No fim das contas, vivi mais que em muitos anos, uma vez que paguei por viver o que prego: que a vida se mede por emoções e que só tem sentido quando se está crescendo. E aí, cantei pra mim mesma, junto com o Van Halen: "Go ahead and JUMP!". Saltei de cara pra vida, e me dei bem.

Uma dívida maior que as outras ainda preciso saldar em 2004: retribuir o amor que recebi -- das pessoas, de Deus, dos anjos de lá e dos anjos de cá. Mas isso, em suaves prestações, porque não posso sacar de um só coração, em apenas um ano, o que recebi de tantos...

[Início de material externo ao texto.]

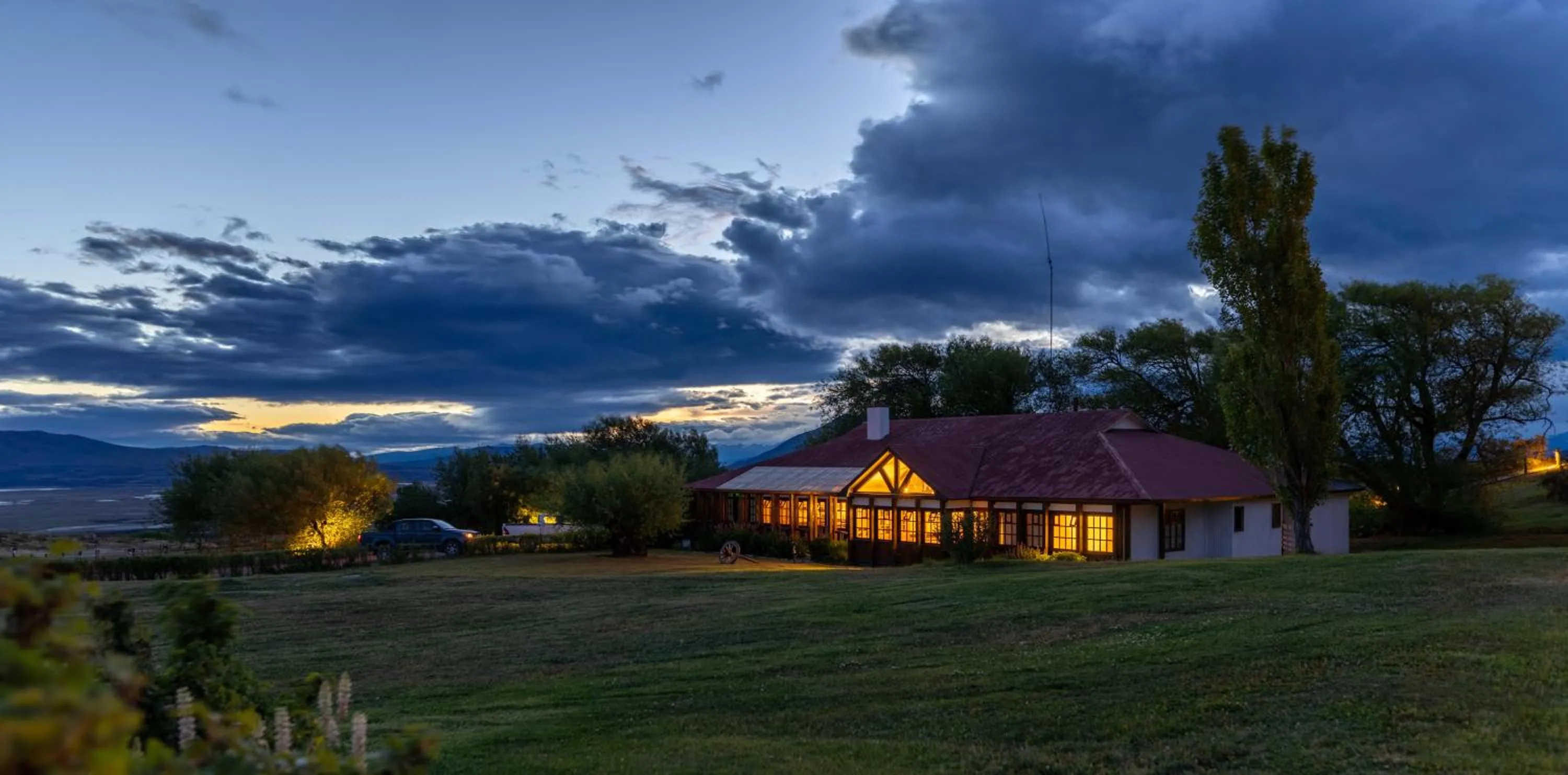 Facade/entrance in Estancia Cerro Guido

 E se pareço melancólica, não estou não. É só a praga do Lennon que como na história do Avarento, sempre volta pra me assombrar, como o Espírito dos Natais Passados. 


23/12/2003.



Um comentário:

Anônimo disse...

E a droga é que a cada dia descobrimos mais a circularidade de nossa existência, uma espiral ascendente(?)que nos surprende em sua redundância.

Somos amanhã o que fomos ontem? Ou citando Guita em um CD de George Harrison "There was never a time when I did not exist, nor you. There will be never a time when we cease to be".